То, во что все они превращались, достигнув полноты власти, было обусловлено отнюдь не врожденной злобой, а повседневной потребностью утолять томящийся дух — потребностью, сметавшей все представления о сострадании, человечности, религиозном долге. "Похоть господствования," — называл это человеческое свойство Блаженный Августин. В этом тончайшем определении выражена двумя словами не только тождественность властолюбия сладострастию (ибо и то, и другое — формы осуществления свободы), но и невозможность видеть во врожденности властолюбия гарантии оправдания: ведь и обычная похоть является врожденной, но это ничуть не оправдывает человека, целиком подчинившего себя ей.
Усобицы внутри государства, борьба за власть многих честолюбцев, в чем бы она ни выражалась — в военных стычках, финансовой конкуренции или идеологической грызне, — в конце концов оказываются столь тягостными для народных масс, жаждущих покоя и определенности, что желание крепкой централизованной власти становится всеобщим. ("Придите и володейте нами!") Поэтому тоталитаризм на первых порах встречает самую горячую поддержку всех жаждущих "порядка", и народ не без злорадства наблюдает, как воцарившийся тиран расправляется со своими бывшими противниками, а затем и соратниками. ("Все они хороши, все одним мирром мазаны".)

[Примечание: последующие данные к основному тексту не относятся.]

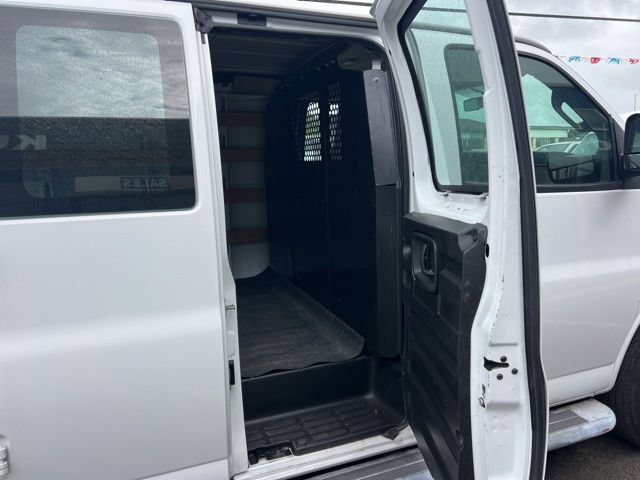 Used 2022 Chevrolet Express 2500 w/ Driver Convenience Package RWD image 17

Увы, эта радость оказывается недолгой.
Новый властитель, именно в силу того, что он остается человеком и дух его продолжает томиться, вскоре непременно погонит народ на войну или создаст такую систему угнетения, по сравнению с которой прежняя неразбериха покажется райской жизнью с милыми домашними неурядицами.
При тирании правящий слой обычно составляют люди, главным свойством которых должна быть способность к подчинению, то есть обладающие очень низким уровнем свободы, попросту говоря — ничтожества. Такие люди, распластываясь перед вышестоящим, с лихвой отыгрываются на подчиненных, ибо уверены: любое беззаконие, жестокость, вымогательство, разврат будут прощаться им до тех пор, пока они выполняют главное условие — беспрекословное подчинение тем, кто наверху. И бедный народ, томясь под их игом, снова начинает мечтать о какой-то законности, о добром царе, о справедливости, брожение умов нарастает медленно и неуклонно, пока не выльется в победоносный бунт и все не начнется сначала: свобода для каждого бороться за власть, разброд, неразбериха и, наконец, "придите и володейте".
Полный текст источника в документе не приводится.